I am always on the look-out for oddball species, either cat fish or cichilds. Especially what is deemed 'slow growers'

In my 20g setup now, (1)Butterfly pleco










I have a Polypterus "endlicheri endlicheri" lil bugger is maybe 2 inches. I think these are one of the most unique polypetrus since they retain external gills. 
















I have 4 panda corys and 4 pygmy corys. My substrate is a coarse white sand mixed with small black gravel. It's spotless with those cories. I keep some driftwood with moss growing on it, a moss-ball, and 1 crypt parva and an amazon sword, which has grown in pretty full.

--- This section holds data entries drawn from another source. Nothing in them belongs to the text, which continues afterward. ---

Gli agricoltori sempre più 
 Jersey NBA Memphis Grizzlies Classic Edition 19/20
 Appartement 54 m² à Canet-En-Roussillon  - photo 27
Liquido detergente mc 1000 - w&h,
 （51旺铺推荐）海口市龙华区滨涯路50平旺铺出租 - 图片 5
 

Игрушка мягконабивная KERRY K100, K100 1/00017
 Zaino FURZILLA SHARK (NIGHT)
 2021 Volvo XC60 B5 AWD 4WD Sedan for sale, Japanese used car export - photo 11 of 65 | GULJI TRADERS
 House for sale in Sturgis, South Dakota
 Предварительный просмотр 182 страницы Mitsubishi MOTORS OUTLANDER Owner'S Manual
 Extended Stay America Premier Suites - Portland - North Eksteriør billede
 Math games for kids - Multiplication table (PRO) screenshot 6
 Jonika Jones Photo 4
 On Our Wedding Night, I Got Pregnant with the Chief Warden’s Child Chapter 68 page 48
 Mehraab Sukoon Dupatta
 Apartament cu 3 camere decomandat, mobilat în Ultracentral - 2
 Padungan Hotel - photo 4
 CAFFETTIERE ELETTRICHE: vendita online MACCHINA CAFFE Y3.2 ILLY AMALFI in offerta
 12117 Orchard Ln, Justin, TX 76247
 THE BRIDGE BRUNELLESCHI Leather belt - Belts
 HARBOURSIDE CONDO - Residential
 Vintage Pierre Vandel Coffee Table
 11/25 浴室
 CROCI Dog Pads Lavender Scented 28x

I recently was at my lfs, and saw something just in called an African wide mouth catfish. it looked like nothing I've seen. It's maybe 2 in as well, but a fat mouth and head. It has these eyes that look like stainless steel, and it's like a creme base color with copper spots. He isn't aggressive, as these pygmy cories would be snacks with ease. The guy who I deal with for my odd ball stuff, said his wholesaler was told it doesn't push 6-8 " full grown. I'm skeptical, but these people aren't the ones who sell u a RTC and say it only needs a 55g, they pretty much say you need 200g+ or a pond. So I take their information with some trust.









** It's not a Giraffe Catfish. It might be a dwarf one but it doesn't really have their pattern or so I'd think. I've never seen a dwarf one myself.

At the end of the day everything is working out really well. I wanted to add either 1 or 2 unique smaller specimen or a school of non nippy fish. I don't want an apisto, or rams. I thought maybe a nice angel, or a single discus?
I would love some ideas. Thanks


----------



## fmueller (Jan 11, 2004)

Regarding the catfish ID, I'd recommend posting your photo on Planetcatfish.com. That's where the catfish nerds hang out! If anybody can, they will be able to tell you what you have.

Regarding possible cichlid tank mates, Bolivian Rams would really be your ideal choice - hoping that by Ram you mean German Ram  Discus do much better in groups and have very special requirements - warmer water than most other fish, very frequent water changes, and so on. Plus discus get too large for a 20G. Angels are actually quite nippy. An adult angel would definitely try to take a bite out of those catfish, and if those catfish are secretive now, they would be more so in the presence of an angel. Plus angels really appreciate a higher tank, which a 20g is not.

How about a school of Tetras or some nice life-bearers? You don't have to buy the candy colored man made varieties of the latter, but there are beautiful wild strain color morphs of Xiphophorus helleri. There are also other wild strain dwarf swordtails that are very attractive! Since you are into oddballs, Xiphophorus pygmaeus should be right up your alley! :thumb:


----------



## oldcatfish (May 27, 2009)

There is more than one species of "giraffe catfish."
I'm no expert with catfish species, but it does look like a giraffe cat juvenile to me. The color patterns can be variable.


----------